A novel prognostic signature identifies MFAP4 as a tumor suppressor linking the tumor microenvironment to PI3K/AKT signaling in triple-negative breast cancer

Xiaoqin Yu¹Xiaofen Li²Shiping Luo²Chuangui Song^2*

• ¹Fujian Medical University, Fuzhou, China
• ²Department of Breast Surgery, Clinical Oncology School of Fujian Medical University, Fujian Cancer Hospital (Fujian Branch of Fudan University Shanghai Cancer Center), Fuzhou, China

Background: Triple-negative breast cancer (TNBC) remains a clinical challenge due to its aggressiveness and limited therapeutic options.
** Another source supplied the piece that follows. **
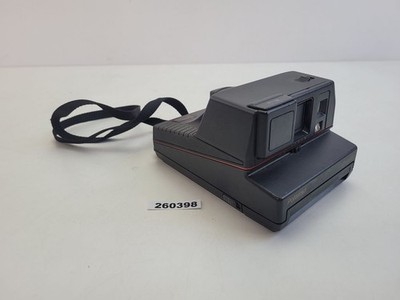 Kamera Polaroid Impulse Portrait Fotografie Sofortbild Technik alt 90´s #260398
The tumor microenvironment (TME), particularly the extracellular matrix (ECM), is a critical regulator of TNBC progression, yet the key molecular drivers remain largely elusive. This study aimed to identify novel TME-related prognostic biomarkers and elucidate their functional roles in TNBC. Method: We constructed and validated a multi-gene prognostic model using TNBC datasets from Gene Expression Omnibus (GEO) and The Cancer Genome Atlas (TCGA) databases. The model's association with TME characteristics was assessed using ESTIMATE algorithm and immune infiltration analyses. The biological functions of the key gene, Microfibril Associated Protein 4 (MFAP4), were investigated in vitro via proliferation and migration assays. The underlying mechanism was explored through Western blotting and validated by a functional rescue experiment using a PI3K/AKT/mTOR pathway agonist. Results: We established a robust 11-gene prognostic model that effectively stratified TNBC patients into high-and low-risk groups with distinct overall and metastasis-free survival. The low-risk group was characterized by an immune-active microenvironment. Notably, MFAP4, an ECM-related gene within the signature, was identified as a key tumor suppressor. MFAP4 expression was significantly downregulated in TNBC tissues and correlated with worse prognosis. Overexpression of MFAP4 markedly suppressed TNBC cell proliferation and migration. Mechanistically, MFAP4 inhibited the phosphorylation of key components of the PI3K/AKT/mTOR pathway. Crucially, pharmacological activation of this pathway with MHY1485 partially rescued the anti-tumor effects induced by MFAP4. Conclusion: Our study established a TME-centric prognostic signature and, more importantly, identified MFAP4 as a novel tumor suppressor in TNBC. We provide the first evidence that MFAP4 inhibits TNBC malignancy by restraining the PI3K/AKT/mTOR signaling pathway, thereby establishing a critical link between the ECM and intracellular oncogenic signaling. MFAP4 represents a promising prognostic biomarker and a potential therapeutic target for TNBC.